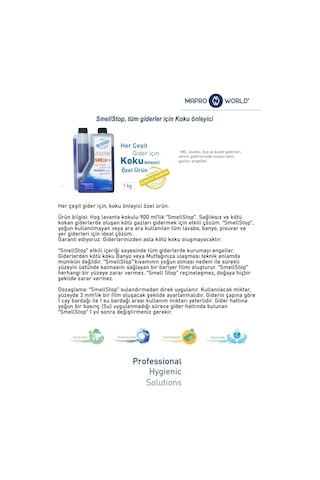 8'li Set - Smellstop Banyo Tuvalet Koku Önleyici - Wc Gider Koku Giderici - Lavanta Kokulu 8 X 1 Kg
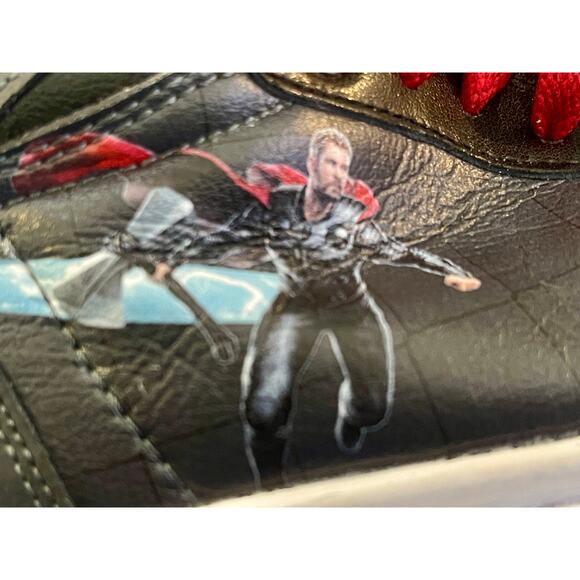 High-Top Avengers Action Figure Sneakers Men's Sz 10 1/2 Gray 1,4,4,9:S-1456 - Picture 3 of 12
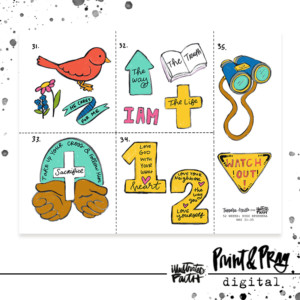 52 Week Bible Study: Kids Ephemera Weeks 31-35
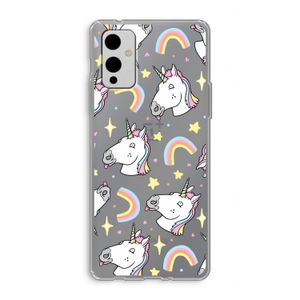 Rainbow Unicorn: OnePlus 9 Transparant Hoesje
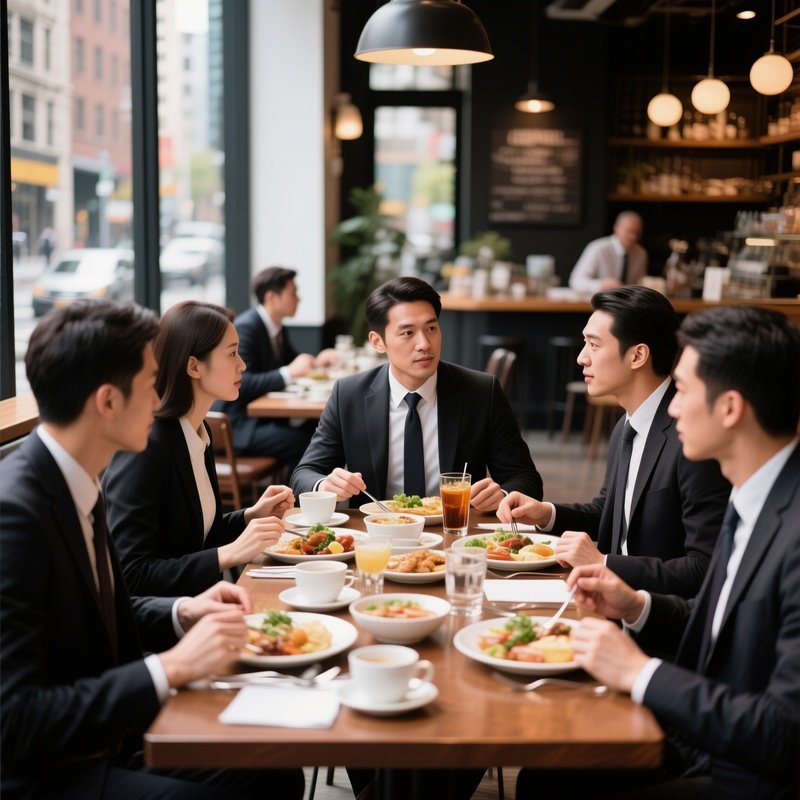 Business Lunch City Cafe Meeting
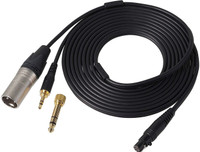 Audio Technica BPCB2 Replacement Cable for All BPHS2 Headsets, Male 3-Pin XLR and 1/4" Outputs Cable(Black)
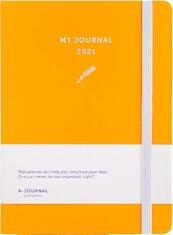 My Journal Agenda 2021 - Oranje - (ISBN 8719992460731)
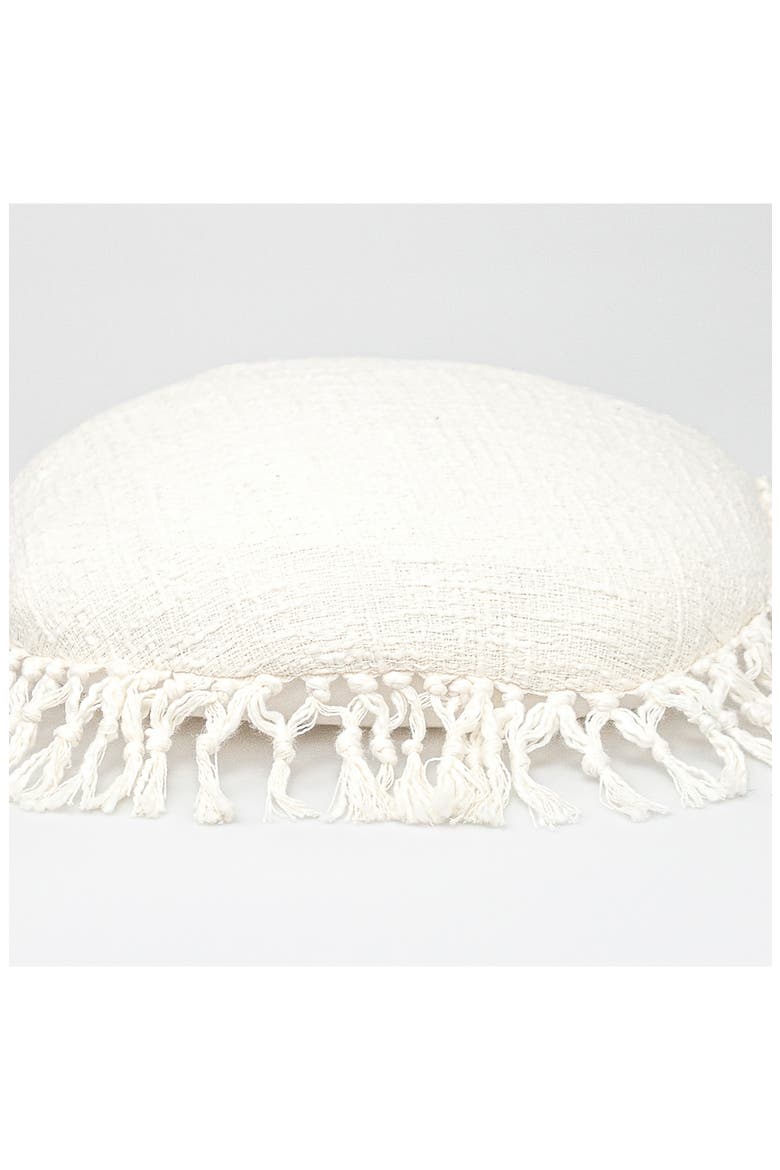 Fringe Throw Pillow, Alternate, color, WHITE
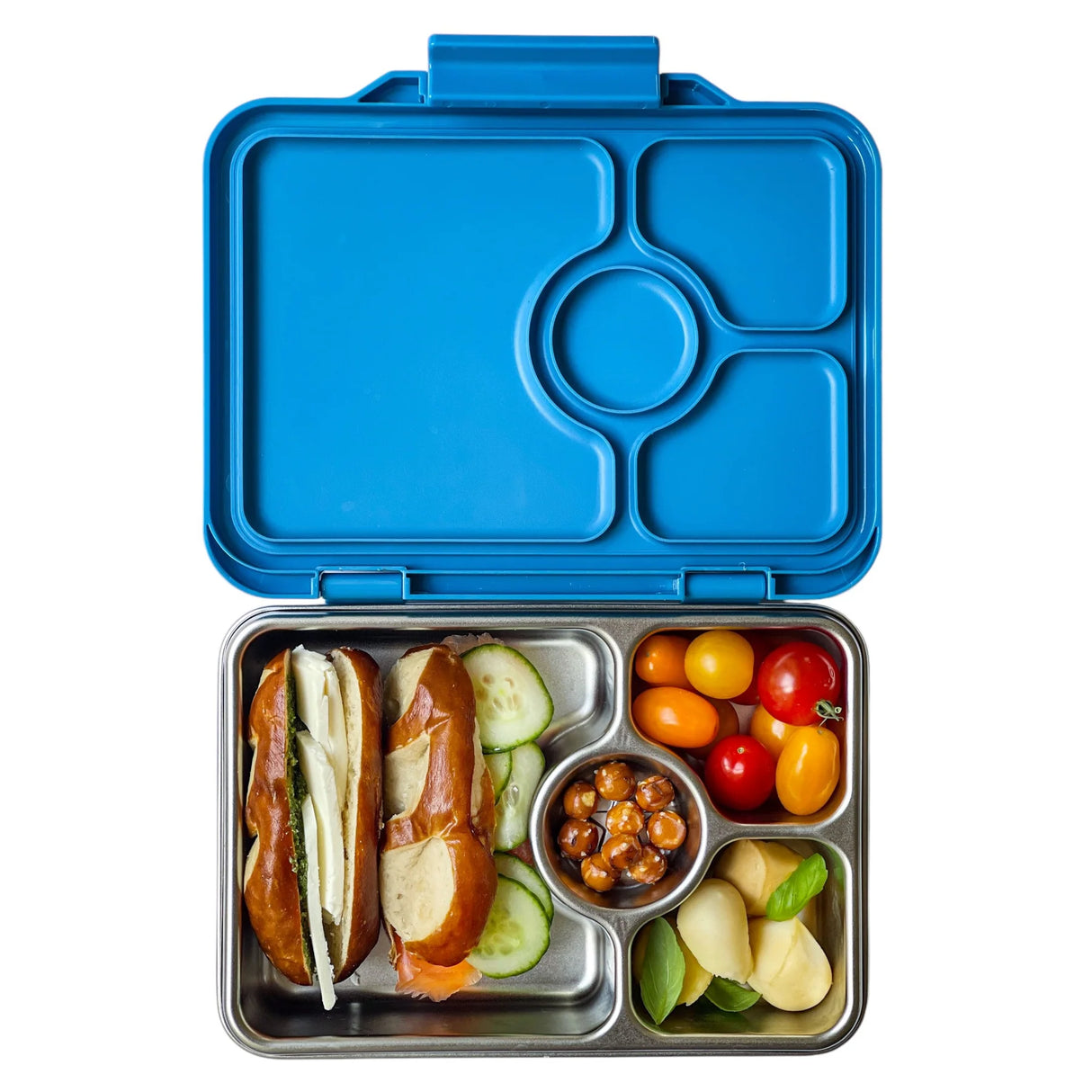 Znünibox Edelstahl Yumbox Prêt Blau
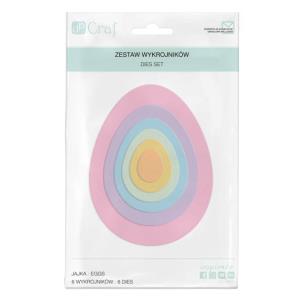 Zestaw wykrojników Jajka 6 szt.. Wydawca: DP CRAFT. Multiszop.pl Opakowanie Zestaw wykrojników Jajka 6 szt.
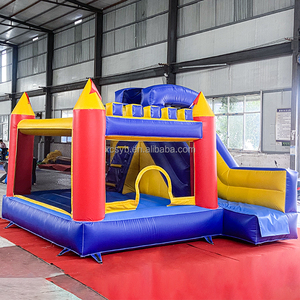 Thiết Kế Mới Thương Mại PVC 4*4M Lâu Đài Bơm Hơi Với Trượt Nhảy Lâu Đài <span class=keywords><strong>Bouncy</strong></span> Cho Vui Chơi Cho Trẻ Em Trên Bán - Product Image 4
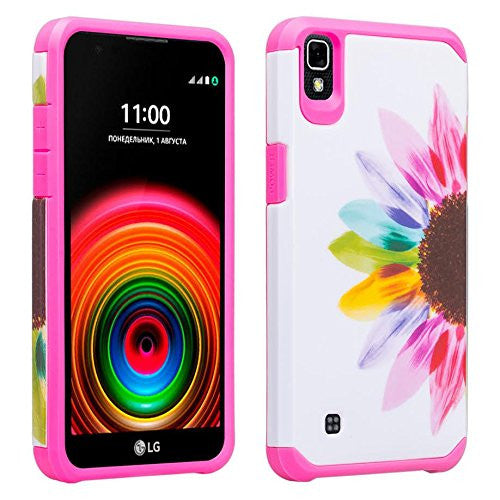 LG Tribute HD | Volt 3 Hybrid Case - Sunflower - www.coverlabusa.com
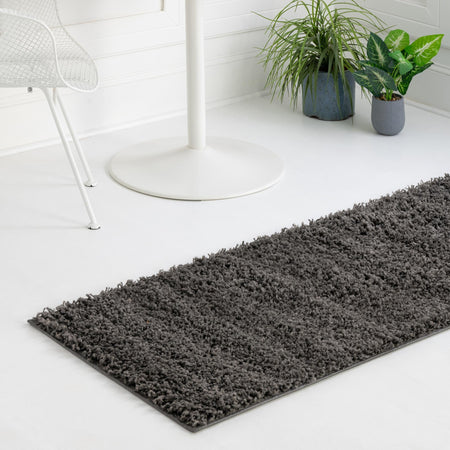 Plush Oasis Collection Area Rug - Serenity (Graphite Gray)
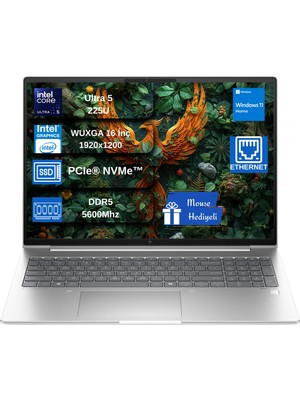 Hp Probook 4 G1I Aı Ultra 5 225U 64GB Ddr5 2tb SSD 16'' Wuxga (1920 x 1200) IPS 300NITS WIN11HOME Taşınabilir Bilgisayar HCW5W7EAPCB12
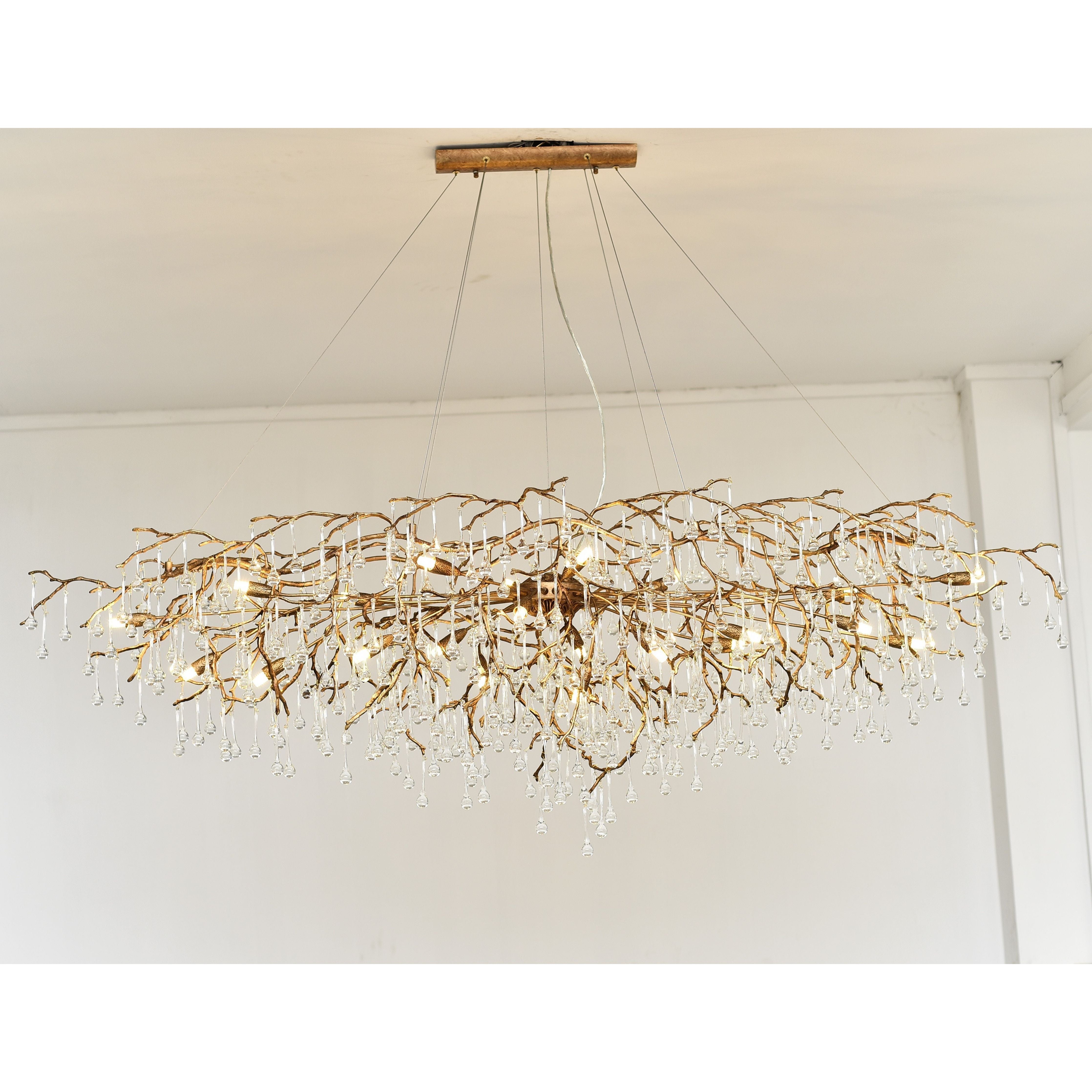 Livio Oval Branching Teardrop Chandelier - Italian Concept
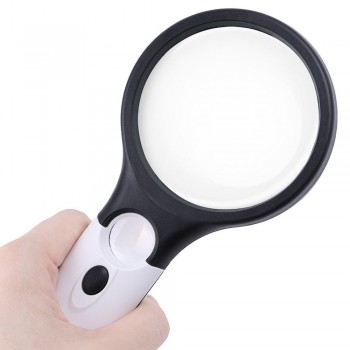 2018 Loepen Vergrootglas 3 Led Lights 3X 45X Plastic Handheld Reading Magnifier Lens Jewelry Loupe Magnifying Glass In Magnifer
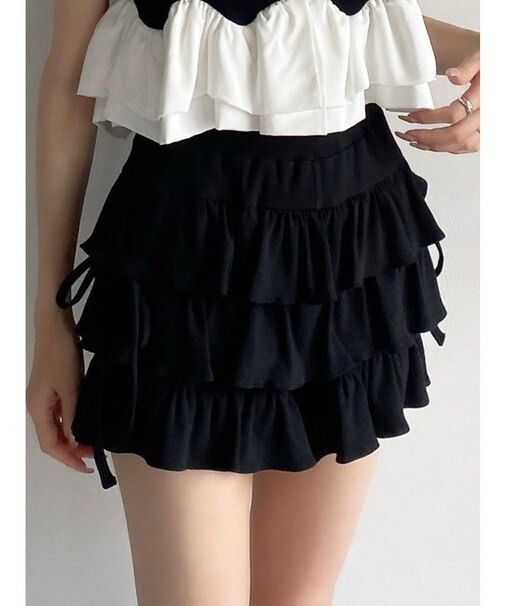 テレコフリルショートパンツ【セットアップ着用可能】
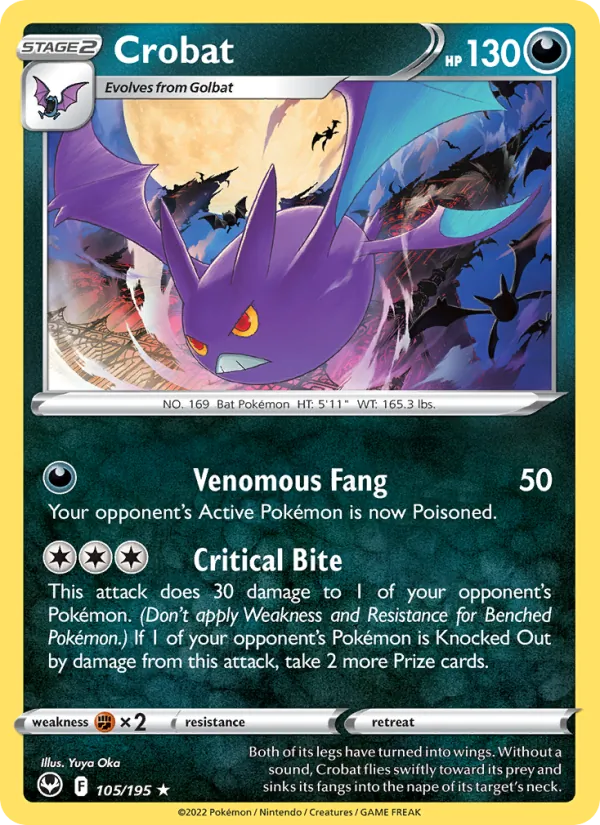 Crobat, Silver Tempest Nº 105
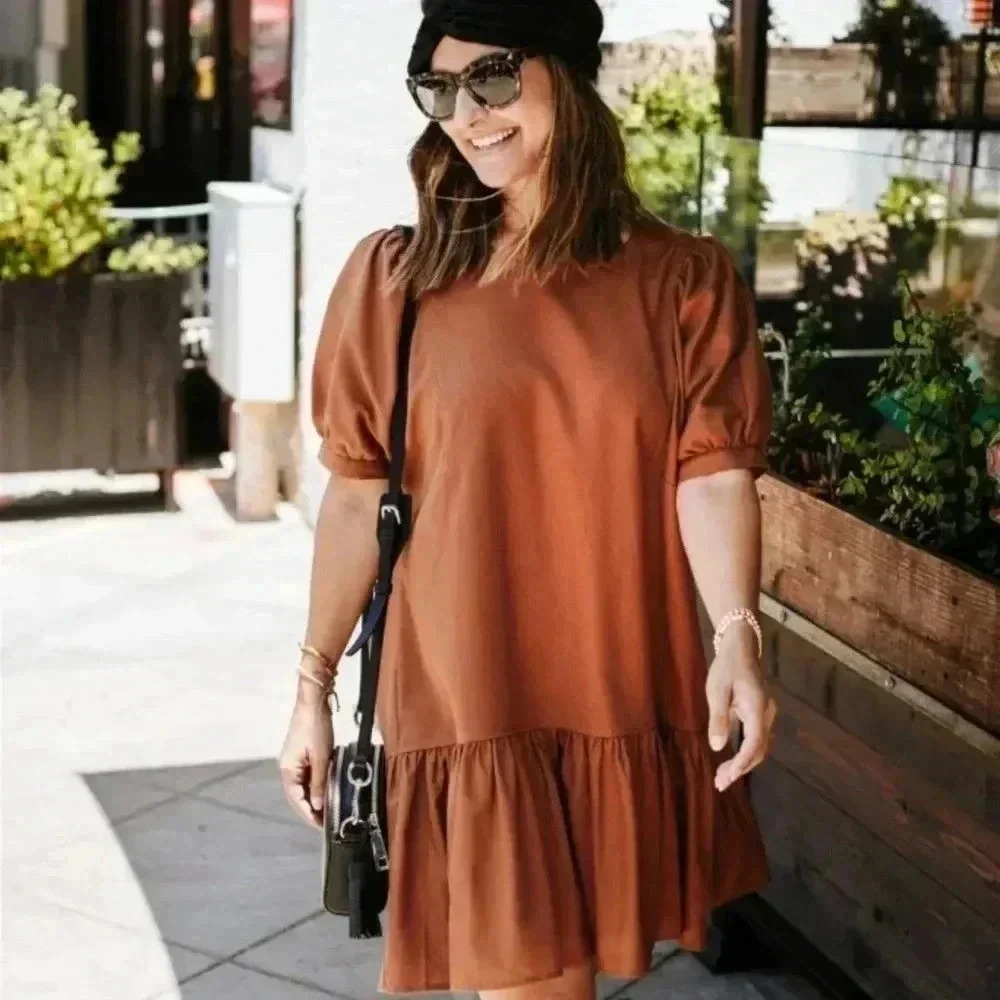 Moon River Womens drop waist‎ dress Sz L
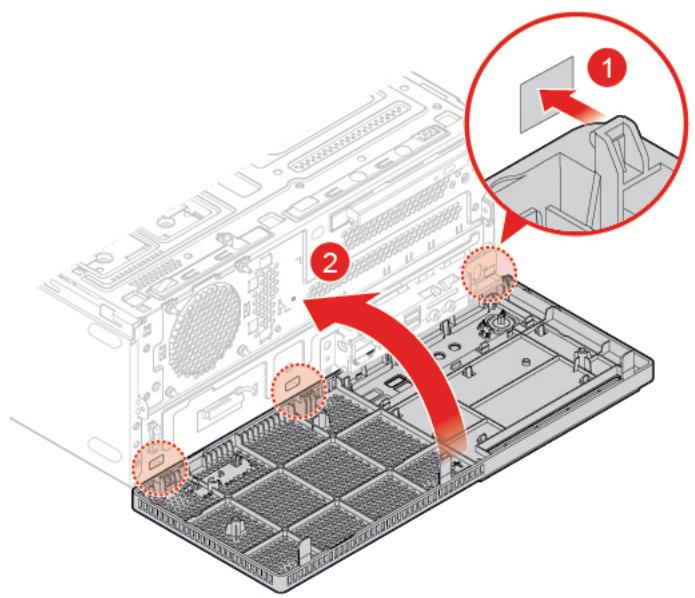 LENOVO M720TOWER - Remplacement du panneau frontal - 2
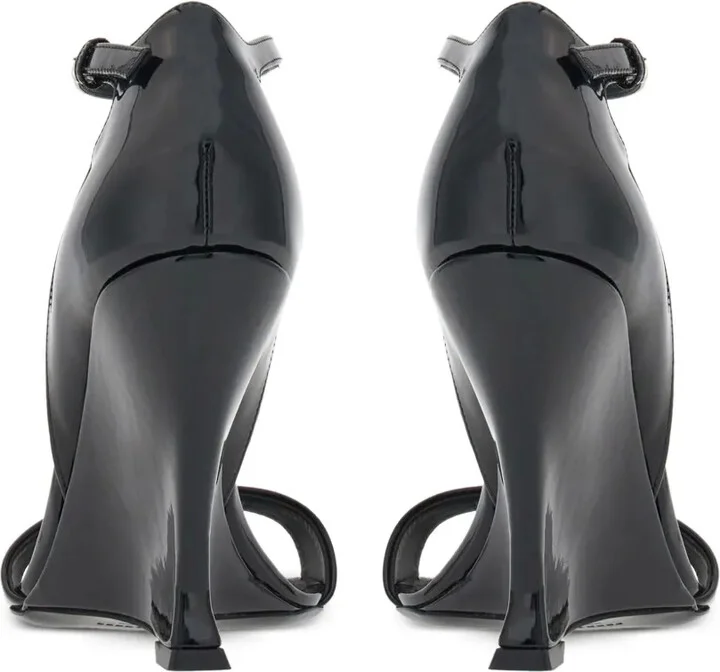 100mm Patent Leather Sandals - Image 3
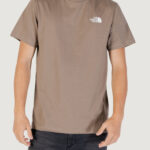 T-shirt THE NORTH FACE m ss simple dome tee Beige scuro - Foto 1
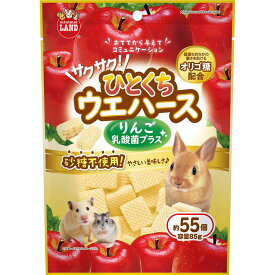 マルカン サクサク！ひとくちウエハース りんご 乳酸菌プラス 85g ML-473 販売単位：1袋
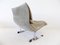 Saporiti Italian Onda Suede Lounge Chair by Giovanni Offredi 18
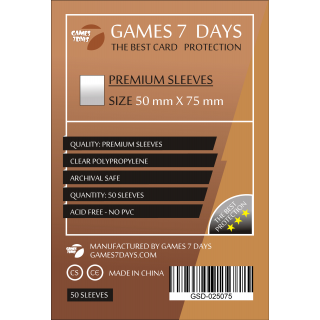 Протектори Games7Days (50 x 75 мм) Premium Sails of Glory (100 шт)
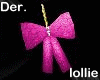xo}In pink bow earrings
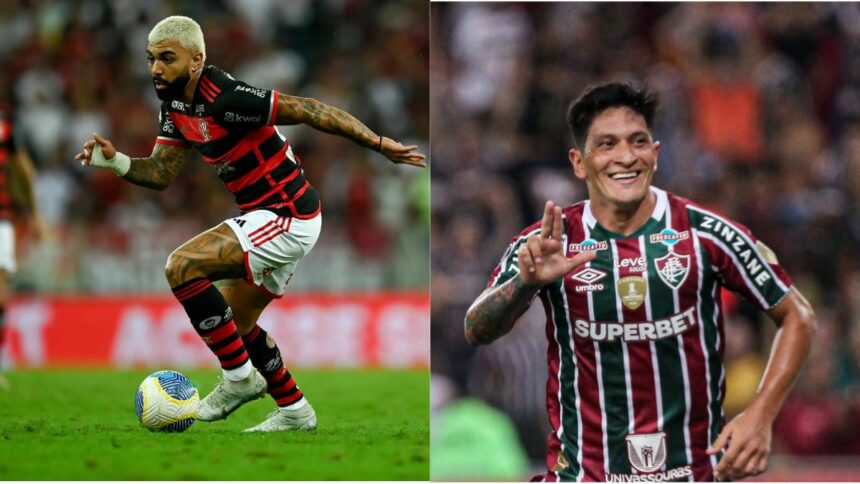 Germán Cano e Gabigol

Your assignment
Starting at the line containing "Rainbow Unicorn: OnePlus" and stopping at the line containing "Fringe Throw Pillow, Alternate, color, WHITE", output every line above exactly, both ends included, with pictures omitted.

Answer to this exercise
 Rainbow Unicorn: OnePlus 9 Transparant Hoesje
 Business Lunch City Cafe Meeting
 Audio Technica BPCB2 Replacement Cable for All BPHS2 Headsets, Male 3-Pin XLR and 1/4" Outputs Cable(Black)
 My Journal Agenda 2021 - Oranje - (ISBN 8719992460731)
 Fringe Throw Pillow, Alternate, color, WHITE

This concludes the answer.